L’Ethiopie maintient l’objectif d’être la grande puissance énergétique régionale malgré des difficultés chroniques

L’Ethiopie entend devenir une puissance électrique régionale avec le GERD, plus grand barrage hydroélectrique d’Afrique. C’est déjà en partie le cas, le pays fournissant une énergie verte et bon marché à trois de ses voisins. Mais l’Ethiopie voit plus loin et souhaite puiser dans son vaste potentiel géothermique, solaire et surtout hydroélectrique pour développer une capacité excédentaire et exportable. Ces prochains développements dépendront en grande partie du développement des PPP et des contrats de vente du courant à l’électricien public EEP. Bien que les conditions ne semblent pas réunies en ce sens à l’heure actuelle, l’offre française dans le domaine pourrait être très pertinente en Ethiopie sur le plus long terme.

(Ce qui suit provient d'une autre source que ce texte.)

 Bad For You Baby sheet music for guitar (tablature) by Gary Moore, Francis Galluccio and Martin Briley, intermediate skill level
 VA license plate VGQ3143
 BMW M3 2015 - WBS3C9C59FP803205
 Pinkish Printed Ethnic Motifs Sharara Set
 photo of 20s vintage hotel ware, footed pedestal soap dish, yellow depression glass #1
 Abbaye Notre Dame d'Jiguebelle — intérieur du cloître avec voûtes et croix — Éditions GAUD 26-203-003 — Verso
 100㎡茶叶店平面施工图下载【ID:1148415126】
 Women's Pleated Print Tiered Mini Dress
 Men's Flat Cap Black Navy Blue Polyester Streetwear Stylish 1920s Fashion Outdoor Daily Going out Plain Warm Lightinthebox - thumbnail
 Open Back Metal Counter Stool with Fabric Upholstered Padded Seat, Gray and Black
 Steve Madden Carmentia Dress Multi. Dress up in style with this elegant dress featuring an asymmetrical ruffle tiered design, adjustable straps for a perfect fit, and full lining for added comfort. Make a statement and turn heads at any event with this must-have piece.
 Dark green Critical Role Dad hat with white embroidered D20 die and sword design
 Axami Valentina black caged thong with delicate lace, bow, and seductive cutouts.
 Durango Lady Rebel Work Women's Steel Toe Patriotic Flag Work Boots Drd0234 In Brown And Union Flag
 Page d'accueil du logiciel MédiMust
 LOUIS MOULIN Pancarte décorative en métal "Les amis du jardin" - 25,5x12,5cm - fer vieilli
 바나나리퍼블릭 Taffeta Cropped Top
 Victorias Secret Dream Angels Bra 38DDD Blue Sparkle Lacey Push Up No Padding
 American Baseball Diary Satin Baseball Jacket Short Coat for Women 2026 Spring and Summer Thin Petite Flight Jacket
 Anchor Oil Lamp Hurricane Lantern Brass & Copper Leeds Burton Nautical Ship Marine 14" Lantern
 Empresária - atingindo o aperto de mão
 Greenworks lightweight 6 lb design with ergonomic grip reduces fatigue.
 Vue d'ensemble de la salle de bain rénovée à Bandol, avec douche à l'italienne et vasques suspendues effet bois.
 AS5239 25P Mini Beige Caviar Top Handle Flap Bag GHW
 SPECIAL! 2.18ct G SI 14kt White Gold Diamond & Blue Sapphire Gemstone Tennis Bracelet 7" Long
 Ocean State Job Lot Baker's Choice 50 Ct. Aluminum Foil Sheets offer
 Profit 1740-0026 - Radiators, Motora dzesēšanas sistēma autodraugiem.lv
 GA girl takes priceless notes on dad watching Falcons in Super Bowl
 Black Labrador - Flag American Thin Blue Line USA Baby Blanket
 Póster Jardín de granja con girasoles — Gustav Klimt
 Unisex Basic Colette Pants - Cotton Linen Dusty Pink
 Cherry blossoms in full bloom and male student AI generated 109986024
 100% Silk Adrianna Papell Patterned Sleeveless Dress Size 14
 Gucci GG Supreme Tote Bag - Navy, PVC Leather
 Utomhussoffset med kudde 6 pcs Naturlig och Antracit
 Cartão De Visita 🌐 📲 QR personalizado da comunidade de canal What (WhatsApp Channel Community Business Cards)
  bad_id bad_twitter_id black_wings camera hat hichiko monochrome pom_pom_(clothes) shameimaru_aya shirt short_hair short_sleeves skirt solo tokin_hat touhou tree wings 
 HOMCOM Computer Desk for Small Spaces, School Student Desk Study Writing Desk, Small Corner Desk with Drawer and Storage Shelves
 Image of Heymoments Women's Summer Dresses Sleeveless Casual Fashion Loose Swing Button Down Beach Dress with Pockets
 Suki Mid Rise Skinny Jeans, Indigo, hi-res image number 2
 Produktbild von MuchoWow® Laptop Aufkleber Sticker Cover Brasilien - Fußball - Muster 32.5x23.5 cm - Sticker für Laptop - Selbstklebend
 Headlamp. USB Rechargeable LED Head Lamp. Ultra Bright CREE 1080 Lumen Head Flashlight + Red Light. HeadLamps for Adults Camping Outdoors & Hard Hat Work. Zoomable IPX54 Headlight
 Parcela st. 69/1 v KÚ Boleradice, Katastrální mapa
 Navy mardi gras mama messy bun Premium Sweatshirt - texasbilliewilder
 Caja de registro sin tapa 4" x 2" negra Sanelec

Un mix électrique quasi-intégralement fondé sur les énergies renouvelables, tourné vers l’export

L’Éthiopie est un des seuls pays au monde à présenter un mix électrique intégralement renouvelable : 96,2 % de sa production correspond à de l’hydroélectricité, 3,6 % à de l’éolien et 0,2 % à la biomasse. La capacité installée a plus que doublé depuis 2013 pour atteindre 5 692 MW en 2022, afin de répondre à la demande croissante, tirée par l’industrialisation et l’objectif d’électrifier l’ensemble de la population d’ici 2025. La croissance des capacités installées de ces dernières années – 4 862 MW en 2021 s’explique par l’augmentation des capacités de production hydroélectrique.  En 2021, seul 54,2 % de la population disposait d’une connexion à l’électricité, avec en outre une grande disparité territoriale : 94,3 % de la population a accès à l’électricité en zone urbaine contre seulement 42,8 % en zone rurale en 2021. Si la consommation par habitant a plus que doublé entre 2010 et 2020, elle demeure contrainte par la production réelle, en stagnation ces trois dernières années et même en léger recul entre 2021 et 2022 malgré l’augmentation de la capacité installée : 15,1 TWh en 2020, 15,8 TWh en 2021 et 15,5 TWh en 2022[1], en raison principalement de la vétusté des installations. Le taux de pertes techniques sur le réseau se porte à 23 %.

Le principal projet de production d’électricité en Éthiopie concerne le barrage hydroélectrique de Grand Renaissance (GERD), sur le Nil Bleu, à proximité de la frontière avec le Soudan. Amorcé en 2011, le GERD a accusé de nombreux retards et surcoûts : alors que sa finalisation était initialement prévue pour mi-2017, la construction serait actuellement achevée à 90 %. Il disposera à terme d’une capacité de production de 5,2 GW pour un investissement de 4,8 Mds USD. La construction de l’ouvrage a été confiée à l’énergéticien national en 2018 devant l’incapacité du conglomérat militaro-industriel public MeTEC à superviser le chantier. Ce projet est source de tensions avec le Soudan et l’Égypte situés en aval du fait que le remplissage du bassin et l’exploitation du barrage pourraient modifier le débit du fleuve en aval. Deux turbines, d’une capacité de 250 MW chacune, ont été mises en eau mi-2022. Début septembre 2023, le Premier Ministre Abiy Ahmed a annoncé la fin du 4ème et dernier remplissage des réservoirs du GERD alors que des négociations avec Egypte étaient prévues. Il est douteux que ce 4ème remplissage soit effectivement le dernier et pourvoie aux besoins des futures 13 turbines.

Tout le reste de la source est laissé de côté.